River district angles for water project funds | PostIndependent.com

River district angles for water project funds

Greg Masse
Staff Writer

As the state endures its worst drought on record, the Colorado River Water Conservation District is looking to find new ways to prepare for such events.

The Glenwood-based district has come up with a 0.25 percent mill levy increase that district officials say will go far in securing more locally owned water, rehabilitating existing reservoirs and increasing water efficiency.

“The only criticism we’ve received is, `You should have asked for more,'” CRWCD spokesman Chris Treese said.

If passed, the tax would cost the average homeowner in the district about $5 per year, Treese said.

“This is a quarter mill, which is about the same as our current assessment, but it would go toward a different purpose,” Treese said.

Treese and CRWCD engineer Dave Merritt explained that the district made it through the past summer’s irrigation season using temporary agreements and relying on the kindness of other water rights owners.

“We need a long-term solution,” Treese said. “One of the problems we found is even with Ruedi (Reservoir), even if we had the ability to contract on time,” the federal bureaucracy would delay water releases until it’s too late.

To get around the bureaucracy, the money gathered from the mill levy would go toward securing local water ownership.
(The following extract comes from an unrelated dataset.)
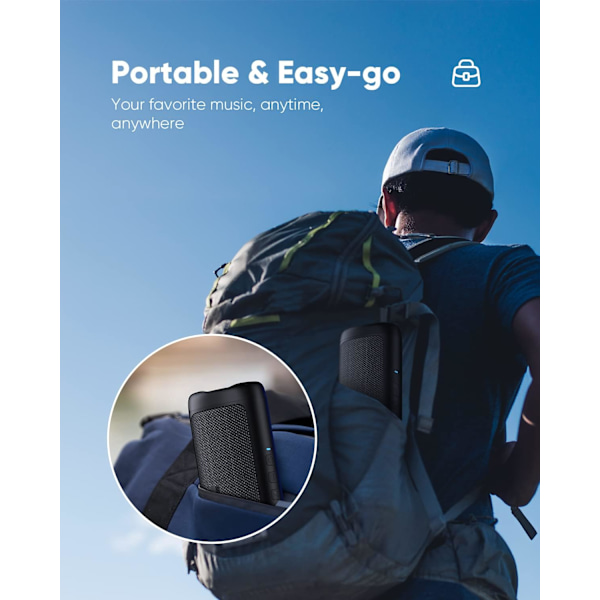 Bluetooth-högtalare med HD-ljud, bärbar trådlös, IPX5 vattentät, upp till 24 timmars uppspelningstid, TWS-parkoppling, BT5.3, elektroniska prylar, födelsedagspresent Black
That way, once agreements are reached, the water can be released quickly.

“We can do that and we won’t be tied up with the cumbersome federal process,” Merritt said.

Improvements would consist of building small water-storage projects, making small dam repairs and enabling the enhancement of small off-channel reservoirs – all likely less than 1,000 acre-feet.

“When you’re high up in the basin, it can make a big difference,” Merritt said. “In the smaller towns, a little more water is critical.”

Another type of improvement could entail the lining of irrigation ditches. “Selenium is a problem in the Western Slope,” Merritt said. “If we can take dirt ditches and pipe them,” river water health could improve.

Some of the money could also be used as seed or match money for federal grants, Treese and Merritt said.

“In many ways, this is an expansion of what we’ve been doing,” Treese said.

In all, the district is looking to gain $2.7 million in 2003 and annually thereafter until 2022.